だがもう無言でいるつもりも変な遠慮をするつもりも
迷いも躊躇ももう2人の間には存在しなかった。

「おいクソ兄貴」
「クソは余計だ。・・なんだ」
「戻ったら・・アイツに話し合いでケリはついたって
 ちゃんと報告してやらないとな」
「・・最後のアレが話し合いだと言うなら
 全世界の犯罪基準を丸々考え直さねばならんぞ」
「気にするな。
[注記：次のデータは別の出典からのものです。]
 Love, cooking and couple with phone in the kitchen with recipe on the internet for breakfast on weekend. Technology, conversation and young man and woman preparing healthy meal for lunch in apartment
今までの事を水に流してやる儀式みたいなもんだ」
「流してくれと頼んだ覚えはない」
「・・・・・相も変わらず腹の立つ兄貴だ。
 少しは自分の後ろをふり返るくらいの余裕がないのか?」
「それは俺の後ろを勝手に歩いているお前の観点からしての話だろう」
「ならまだ来るなとでも言う気か?」

その途端、前を歩いていたバージルの足がいきなり止まり
予想していなかったダンテは危うくぶつかりそうになる。

なんだまたなんの皮肉か嫌味を言うつもりだと思ったが
あまりこちらをふり返った事のない兄は少しだけこっちを見て
疑問符を顔に出しているダンテにこんな事を言った。

「・・俺にはもうお前を拒む理由はない。
 だがお前に歩調を合わせてやる気もない。
 ついてくるのならば勝手にしろ。
 今俺がお前にできる譲歩はそれだけだ」

そう言って再び風を切って歩き出したその背中に
ダンテのちょっと遠くを見るような視線が当たる。


・・あぁ、壮絶で長いケンカを終えた後の兄貴は
やっぱり俺の兄貴のままだ。


感動なのか呆れなのかわからないが
ダンテの顔が勝手にゆるみ、その気配に気付いたのか
バージルが歩きながらこちらを見て怪訝そうな顔をした。

「・・なんだ、何をニヤついている」
「いや?ちょっと変質はしてるが、アンタはやっぱりアンタだと思ってな」

その途端また歩みがぴたと止まる。
勝手にしろとすげなく言ったが、止まってくれない事はないらしく
その目はしばらくこちらをじっと見て・・

「ダンテ」
「ん?」
「・・帰るぞ」

その唐突に言われた何気なくも短い一言は
長い間壁を作っていた兄弟にすれば本当なら感動すべき一言なのだが
しかしダンテもバージルも、もうそんな事では動じなくなってきていた。

それは証拠。
それは愛する家族・・とまではまだ及ばないが
とうの昔に失ってしまった、ぎこちなさのない家族の証拠だ。

ダンテはなくしたと思っていたその家族の背中を追いながら
今度は普通に笑った。
前を歩くバージルはおそらく笑ってはいないだろうが
ダンテはそれでもかまわなかった。

そうしてその海沿いを歩く大の男2人の後ろ姿は
精悍なように見えて実は随分と前の状態に戻っているのだが
その事を知るものはもうこの世には存在せず

ただ海から吹き付けてくる潮の風だけが
その兄弟達の背中をそっと押すだけにとどまった。